In a response on Aug 26, Commerce and Energy Ministers Craig Foss and Simon Bridges told MEUG that if state-owned Transpower “were to face (increased) risk asset stranding risk, then it would need to be compensated for that risk through a higher regulated return on investment.”
MEUG argued that if Transpower was a private company operating in a competitive market and suffered a drop in demand for its services, it would cut its prices and write down the value of its assets.
“In competitive markets, it is economically welfare enhancing for assets to be written down at shareholders’ expense rather than to the account of customers,” wrote MEUG chair Terrence Currie in June. “This happens automatically in markets and the regulatory regime for regulated monopolies should mimic that outcome.”
The issue is acute because Transpower has major capital expenditure underway, having spent $1.6 billion in a series of grid upgrades in the last two financial years and plans for another $4 billion in capex over the next decade. The upgrades are eliminating long-standing weaknesses in the grid just at a time when New Zealand electricity demand is flattening out.

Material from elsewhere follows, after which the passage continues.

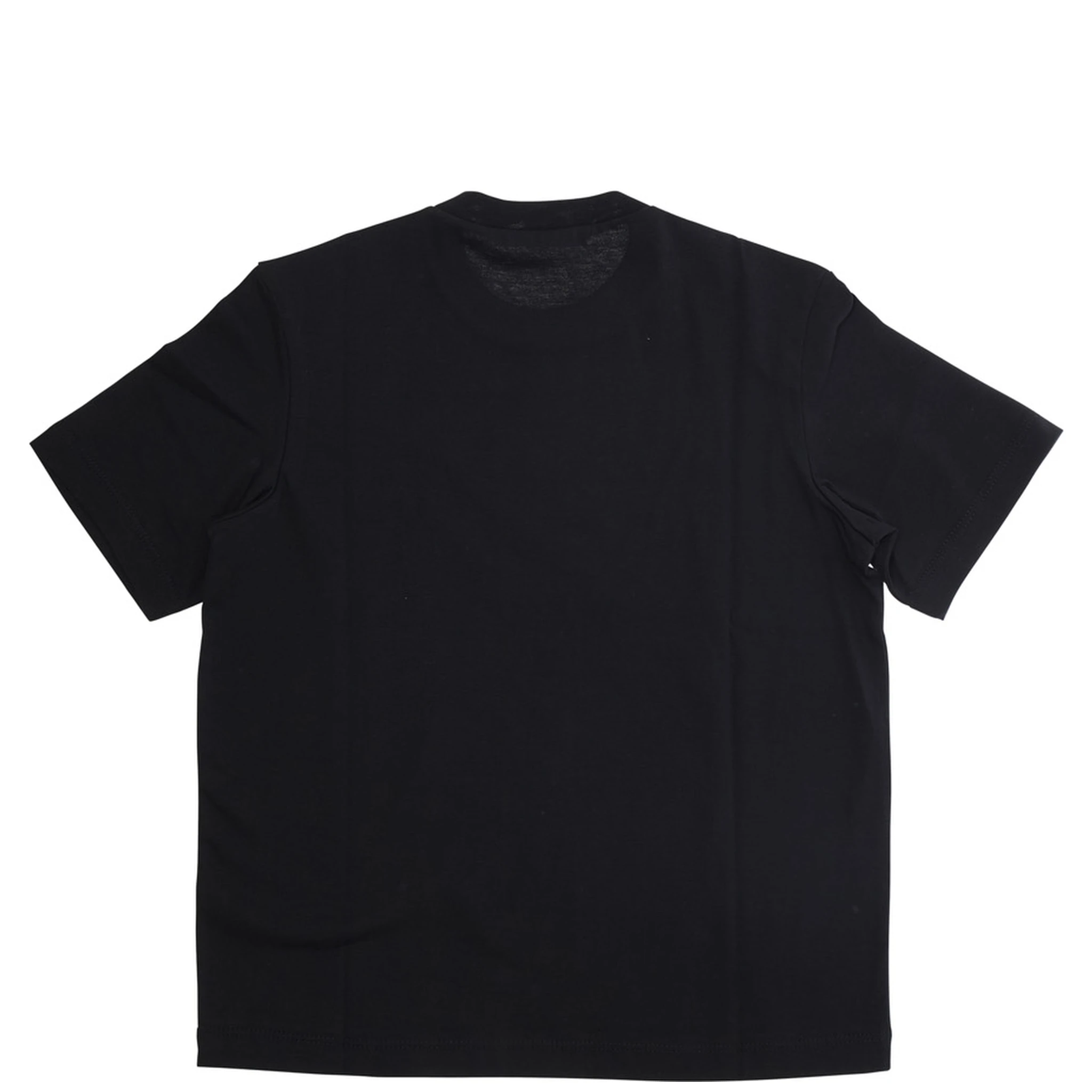 Black Crewneck T-Shirt with Logo Print in Cotton Girl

Transmission costs make up around 8 percent of the average power bill today, but that is already forecast to rise because of the increased value of Transpower’s assets. Transpower is allowed to charge a 7.19 percent weighted average cost of capital on its asset base under current regulations
However, MEUG notes that power prices in the wholesale electricity futures market show an expected average price of $72 per megawatt hour through to the end of 2016, unchanged from 2010 levels.

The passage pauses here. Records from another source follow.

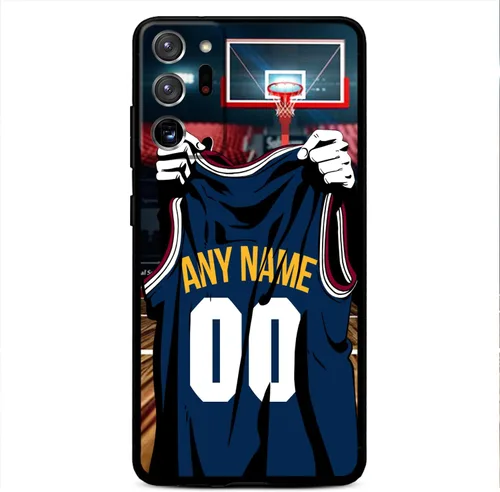 Miniatura 14 de Nombre y número personalizados, camiseta de baloncesto de Los Ángeles, funda de silicona líquida para Samsung Galaxy Note 20/20 Ultra 10 Pro Note 9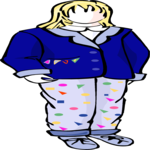 Girl in Coat 2 Clip Art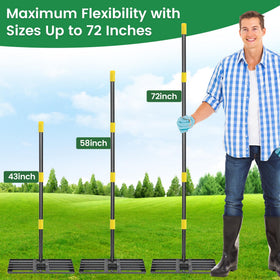 VRIEZOP Lawn Leveling Rake detachable handle for easy transport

“If retail competition continues to improve and all else equal … then retail margins should decrease,” MEUG argues, meaning it would expect falling electricity prices.
But if the cost of distributing electricity over the national grid rises more quickly because increased costs are being spread over smaller total consumption, “there is a risk that delivered power prices will continue to rise because savings in the increasingly competitive parts of the sector are more than offset by higher monopoly charges,” Currie wrote. “In some cases, fewer end customers have to meet increasing real line charge, thus compounding the effect on final prices.
“Because the price control regime effectively allows the recovery of deemed cost, as some customers find ways to minimise their usage and charges, the others must pick up a disproportionately increasing share. That will multiply the effect of increases in charges.”
However, ministers said in their reply to MEUG not only that Transpower should be able to earn a higher rate of return on its fixed assets if electricity demand fell, but also that the government as shareholder should have no role in deciding to write down the value of Transpower’s assets if they were being used less.
“The implication is that the government, as owner, should also play a regulatory role in determining the prudency of investments, and whether asset values and returns on investment should be lower than those already determined by the Commerce Commission.
“Such an approach would not only risk duplicating the extensive statutory regulatory processes in place, it would also risk undermining those processes,” said Foss and Bridges.